Temporary midnight notes:
- Use fixed-size, on-disk array to cover first two bytes of first stroke
- Use dynamically sized nodes for third byte of first stroke
=> 2 fetches (almost no block locality sadly) for first stroke => Dynamically sized array for third byte may contain inlined entries & pointers for child-nodes
Alternative: Use fixed-size array for first byte only and cache it in-memory. Would also yield 2 fetches (one for the second, one for the third byte) while requires more system memory.
Random ideas:
- Third byte fetch could be used to fetch length-list for fourth layer
- Indexing an array of variably sized data only works if you know how long each element is
- This information could be embedded into the data fetched by the second fetch
HashMap for first stroke maybe? => Buckets would be too large to fit into memory (~50k entries) => One lookup for bucket + another for variably sized data => Not better than fixed-size array while using/wasting more storage and being harder to implement
- Calculate array index for first two bytes
- Read location of vector for third byte (fetch #1)
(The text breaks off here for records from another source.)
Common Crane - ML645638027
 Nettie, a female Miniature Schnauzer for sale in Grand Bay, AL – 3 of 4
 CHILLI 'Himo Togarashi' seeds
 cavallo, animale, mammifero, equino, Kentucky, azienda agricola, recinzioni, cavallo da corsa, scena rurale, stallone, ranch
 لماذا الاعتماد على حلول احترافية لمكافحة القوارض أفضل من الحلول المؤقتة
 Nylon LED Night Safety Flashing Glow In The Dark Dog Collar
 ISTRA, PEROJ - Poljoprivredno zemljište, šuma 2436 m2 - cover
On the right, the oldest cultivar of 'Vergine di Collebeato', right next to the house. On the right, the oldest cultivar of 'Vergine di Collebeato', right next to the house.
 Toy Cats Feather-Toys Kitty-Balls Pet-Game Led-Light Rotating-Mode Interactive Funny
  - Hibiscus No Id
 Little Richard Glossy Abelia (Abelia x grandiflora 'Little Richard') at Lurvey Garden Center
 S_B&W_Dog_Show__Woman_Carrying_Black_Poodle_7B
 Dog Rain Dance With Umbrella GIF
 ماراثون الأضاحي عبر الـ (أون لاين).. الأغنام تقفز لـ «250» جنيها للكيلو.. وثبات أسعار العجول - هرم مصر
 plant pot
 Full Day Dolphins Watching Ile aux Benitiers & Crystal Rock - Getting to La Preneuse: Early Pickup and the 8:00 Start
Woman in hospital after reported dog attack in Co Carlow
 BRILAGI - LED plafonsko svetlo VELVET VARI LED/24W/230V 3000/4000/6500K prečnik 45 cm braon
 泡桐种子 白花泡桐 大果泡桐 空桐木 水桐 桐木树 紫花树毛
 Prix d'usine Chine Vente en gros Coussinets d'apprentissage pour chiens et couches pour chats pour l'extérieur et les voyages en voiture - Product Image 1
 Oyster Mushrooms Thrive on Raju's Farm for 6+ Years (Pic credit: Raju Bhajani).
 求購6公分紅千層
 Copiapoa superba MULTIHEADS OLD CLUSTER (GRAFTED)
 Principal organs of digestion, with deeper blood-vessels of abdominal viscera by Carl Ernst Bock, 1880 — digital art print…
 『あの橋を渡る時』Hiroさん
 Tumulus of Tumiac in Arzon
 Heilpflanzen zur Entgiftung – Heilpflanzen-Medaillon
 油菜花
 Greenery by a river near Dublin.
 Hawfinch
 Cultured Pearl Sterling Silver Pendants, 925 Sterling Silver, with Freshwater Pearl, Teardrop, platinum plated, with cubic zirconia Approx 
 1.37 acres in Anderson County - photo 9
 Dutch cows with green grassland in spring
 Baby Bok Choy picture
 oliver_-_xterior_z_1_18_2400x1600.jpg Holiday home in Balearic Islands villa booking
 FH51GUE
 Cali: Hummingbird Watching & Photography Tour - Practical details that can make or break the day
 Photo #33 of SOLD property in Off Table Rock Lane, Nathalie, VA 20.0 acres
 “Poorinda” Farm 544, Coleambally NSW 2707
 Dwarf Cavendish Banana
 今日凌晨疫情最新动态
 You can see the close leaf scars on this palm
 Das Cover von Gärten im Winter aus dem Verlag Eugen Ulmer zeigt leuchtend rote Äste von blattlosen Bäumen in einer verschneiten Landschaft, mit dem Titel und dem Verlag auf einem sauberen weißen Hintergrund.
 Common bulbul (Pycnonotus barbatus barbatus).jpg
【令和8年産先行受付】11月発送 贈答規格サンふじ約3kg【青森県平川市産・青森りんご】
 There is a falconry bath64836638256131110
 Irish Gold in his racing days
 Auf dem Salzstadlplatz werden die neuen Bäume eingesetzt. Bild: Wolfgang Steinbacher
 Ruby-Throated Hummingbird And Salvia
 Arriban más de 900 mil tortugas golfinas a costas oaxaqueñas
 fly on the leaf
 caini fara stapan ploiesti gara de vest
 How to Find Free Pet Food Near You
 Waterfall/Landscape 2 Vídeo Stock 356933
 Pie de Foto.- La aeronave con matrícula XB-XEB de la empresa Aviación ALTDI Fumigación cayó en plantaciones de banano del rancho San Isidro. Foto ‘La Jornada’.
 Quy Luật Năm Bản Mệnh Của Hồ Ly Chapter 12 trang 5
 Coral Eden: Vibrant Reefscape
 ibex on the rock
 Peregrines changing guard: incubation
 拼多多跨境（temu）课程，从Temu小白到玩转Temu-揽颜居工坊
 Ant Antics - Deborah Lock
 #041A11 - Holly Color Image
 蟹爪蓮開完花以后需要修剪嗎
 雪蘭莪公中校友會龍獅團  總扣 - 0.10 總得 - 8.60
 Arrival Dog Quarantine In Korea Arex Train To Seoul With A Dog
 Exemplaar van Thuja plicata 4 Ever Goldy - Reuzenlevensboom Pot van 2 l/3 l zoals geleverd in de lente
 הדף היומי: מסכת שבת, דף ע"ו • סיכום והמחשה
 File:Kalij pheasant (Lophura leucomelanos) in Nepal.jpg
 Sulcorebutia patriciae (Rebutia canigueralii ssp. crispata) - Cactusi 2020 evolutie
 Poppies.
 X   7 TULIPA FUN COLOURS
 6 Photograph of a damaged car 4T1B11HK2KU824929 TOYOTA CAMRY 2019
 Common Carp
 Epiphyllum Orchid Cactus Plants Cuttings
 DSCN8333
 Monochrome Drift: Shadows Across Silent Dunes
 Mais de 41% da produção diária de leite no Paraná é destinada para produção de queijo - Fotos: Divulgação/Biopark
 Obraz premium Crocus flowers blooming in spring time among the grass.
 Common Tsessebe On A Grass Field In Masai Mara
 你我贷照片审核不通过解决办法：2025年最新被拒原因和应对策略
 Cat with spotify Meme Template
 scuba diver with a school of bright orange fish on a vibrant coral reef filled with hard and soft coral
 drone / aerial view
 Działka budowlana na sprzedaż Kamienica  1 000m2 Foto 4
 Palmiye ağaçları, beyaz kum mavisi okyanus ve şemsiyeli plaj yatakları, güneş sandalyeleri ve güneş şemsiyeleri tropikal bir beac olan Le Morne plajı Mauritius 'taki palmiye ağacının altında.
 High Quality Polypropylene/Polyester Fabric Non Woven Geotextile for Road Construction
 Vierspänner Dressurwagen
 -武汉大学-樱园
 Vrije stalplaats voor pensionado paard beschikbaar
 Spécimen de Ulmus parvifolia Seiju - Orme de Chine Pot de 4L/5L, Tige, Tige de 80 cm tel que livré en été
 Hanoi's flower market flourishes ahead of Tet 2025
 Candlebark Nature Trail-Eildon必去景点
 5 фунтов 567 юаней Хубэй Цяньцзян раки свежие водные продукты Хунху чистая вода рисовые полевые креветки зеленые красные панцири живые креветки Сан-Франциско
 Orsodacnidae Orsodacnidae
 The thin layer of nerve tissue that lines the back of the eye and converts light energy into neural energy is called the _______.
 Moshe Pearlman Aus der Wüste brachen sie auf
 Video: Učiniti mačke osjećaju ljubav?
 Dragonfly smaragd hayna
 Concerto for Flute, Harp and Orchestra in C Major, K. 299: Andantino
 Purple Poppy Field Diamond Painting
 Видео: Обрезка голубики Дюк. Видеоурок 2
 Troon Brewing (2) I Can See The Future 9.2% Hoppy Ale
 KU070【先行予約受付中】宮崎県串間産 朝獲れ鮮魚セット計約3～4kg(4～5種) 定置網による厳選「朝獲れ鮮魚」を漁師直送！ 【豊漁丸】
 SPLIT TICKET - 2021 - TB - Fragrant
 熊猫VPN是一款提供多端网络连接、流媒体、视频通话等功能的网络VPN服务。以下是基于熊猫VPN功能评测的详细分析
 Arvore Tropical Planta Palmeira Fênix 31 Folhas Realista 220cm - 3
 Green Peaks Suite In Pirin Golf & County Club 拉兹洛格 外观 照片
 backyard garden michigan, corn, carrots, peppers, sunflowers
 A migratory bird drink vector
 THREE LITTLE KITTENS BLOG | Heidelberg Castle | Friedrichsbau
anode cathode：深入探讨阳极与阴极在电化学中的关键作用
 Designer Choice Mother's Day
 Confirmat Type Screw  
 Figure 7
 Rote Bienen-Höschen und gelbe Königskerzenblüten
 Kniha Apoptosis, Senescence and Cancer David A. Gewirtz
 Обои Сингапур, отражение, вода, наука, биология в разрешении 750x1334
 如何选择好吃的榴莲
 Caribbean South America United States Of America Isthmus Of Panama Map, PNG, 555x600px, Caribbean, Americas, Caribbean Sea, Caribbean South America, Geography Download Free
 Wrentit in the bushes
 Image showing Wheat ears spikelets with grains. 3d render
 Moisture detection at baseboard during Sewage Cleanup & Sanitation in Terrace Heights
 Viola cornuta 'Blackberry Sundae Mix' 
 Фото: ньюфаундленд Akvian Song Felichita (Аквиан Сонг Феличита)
- ISSUE: Vector contains too many elements to resonably search through (fetch #2)
- Calculate hash-bucket for first stroke
- Fetch bucket and following elements (fetch #1)
- Contains stroke (three-byte) and data location
- If stroke does not match, do linear-probing for cache locality
- Fetch data from target location (fetch #2)
- Starts with outline content (if this stroke is in the dictionary)
- Continues on with sub-stroke list (unknown datastructure so far)
- Extract stroke data from fetched data